I realized that it would be difficult to continue drawing on the film on the ground in the dark. We had only managed to mark the first few seconds of the film reel and as I watched everyone around me busy with their projects, I tried to transform my disappointment. This was our last night to work before our final screening and performance night, and I needed to dive into something else. I began documenting all of our animistic apparati: lights, projection beams, afterimages, bokeh, lens flares, diffraction spikes, streetlamp haze, the LEDs that danced around the giant outdoor screen. I took dozens of still images and when my phone battery died, I latched on to one of the few extension cords from the projection truck in order to power up and continue.
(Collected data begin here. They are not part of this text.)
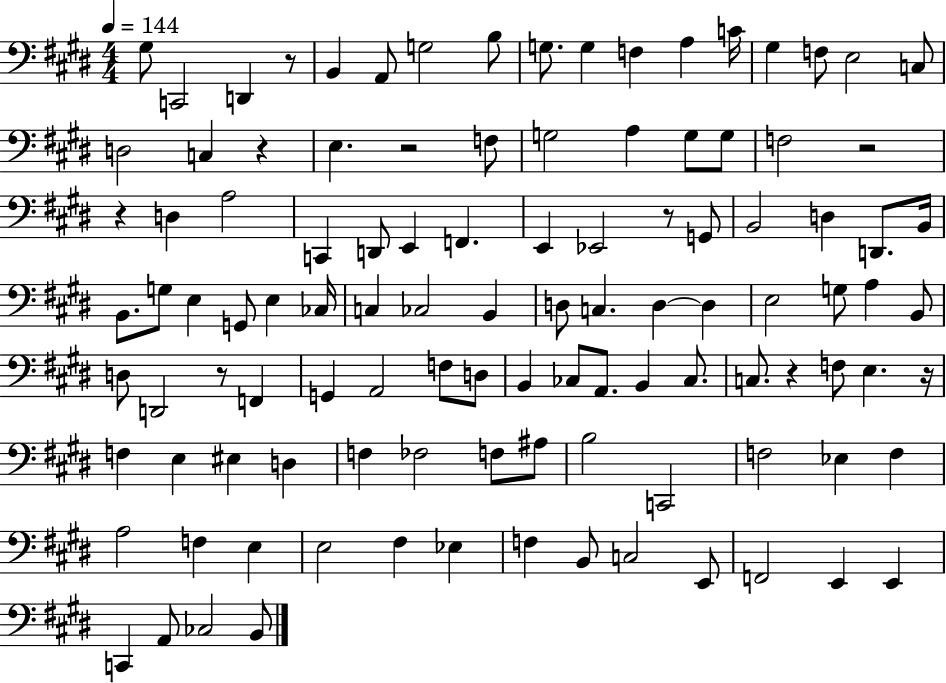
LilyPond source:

{
  \clef bass
  \numericTimeSignature
  \time 4/4
  \key e \major
  \tempo 4 = 144
  gis8 c,2 d,4 r8 | b,4 a,8 g2 b8 | g8. g4 f4 a4 c'16 | gis4 f8 e2 c8 | \break d2 c4 r4 | e4. r2 f8 | g2 a4 g8 g8 | f2 r2 | \break r4 d4 a2 | c,4 d,8 e,4 f,4. | e,4 ees,2 r8 g,8 | b,2 d4 d,8. b,16 | \break b,8. g8 e4 g,8 e4 ces16 | c4 ces2 b,4 | d8 c4. d4~~ d4 | e2 g8 a4 b,8 | \break d8 d,2 r8 f,4 | g,4 a,2 f8 d8 | b,4 ces8 a,8. b,4 ces8. | c8. r4 f8 e4. r16 | \break f4 e4 eis4 d4 | f4 fes2 f8 ais8 | b2 c,2 | f2 ees4 f4 | \break a2 f4 e4 | e2 fis4 ees4 | f4 b,8 c2 e,8 | f,2 e,4 e,4 | \break c,4 a,8 ces2 b,8 | \bar "|."
}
My camera phone could reveal the residue and the presence of electricity in ways that my eyes could not perceive. Whether from the sun, wind, water, coal, nuclear, or gas, earth energy fuels our art and our light beams. Our cinematic experiments are only possible because of this.
The result is a short stop-motion documentary of the evening’s events, accompanied by a soundtrack of electromagnetic fields which are not detectable to the human ear without an induction coil pickup.
This is the dedication that opens E-Ghosts of Nam Ngum Dam:
This film is dedicated to the water spirits of the Nam Ngum River in Laos, the site of a dam that brings us electricity for this outdoor screening in Baan Chiang.
ภาพยนตร์นี้อุทิศให้แก่วิญญาณแห่งแม่น้ำงึมในประเทศลาว , พื้นที่ที่สร้างเขื่อนที่ผลิตกระแสไฟฟ้ามาใช้ในงานฉายหนังที่บ้านเชียงวันนี้
Many animal and plant ancestors lost lives just to illuminate the dark of our nights.
เหล่าสัตว์และพืชพันธุ์ทั้งหลายที่สูญสิ้น เพื่อมอบความสว่างไสวในค่ำคืนนี้
We transform your energy into art made from shadows and light.
พวกเราเปลี่ยนผ่านพลังงานไปสู่งานศิลปะจากเงาและแสง
And sometimes we catch glimpses of your ghosts in the machines.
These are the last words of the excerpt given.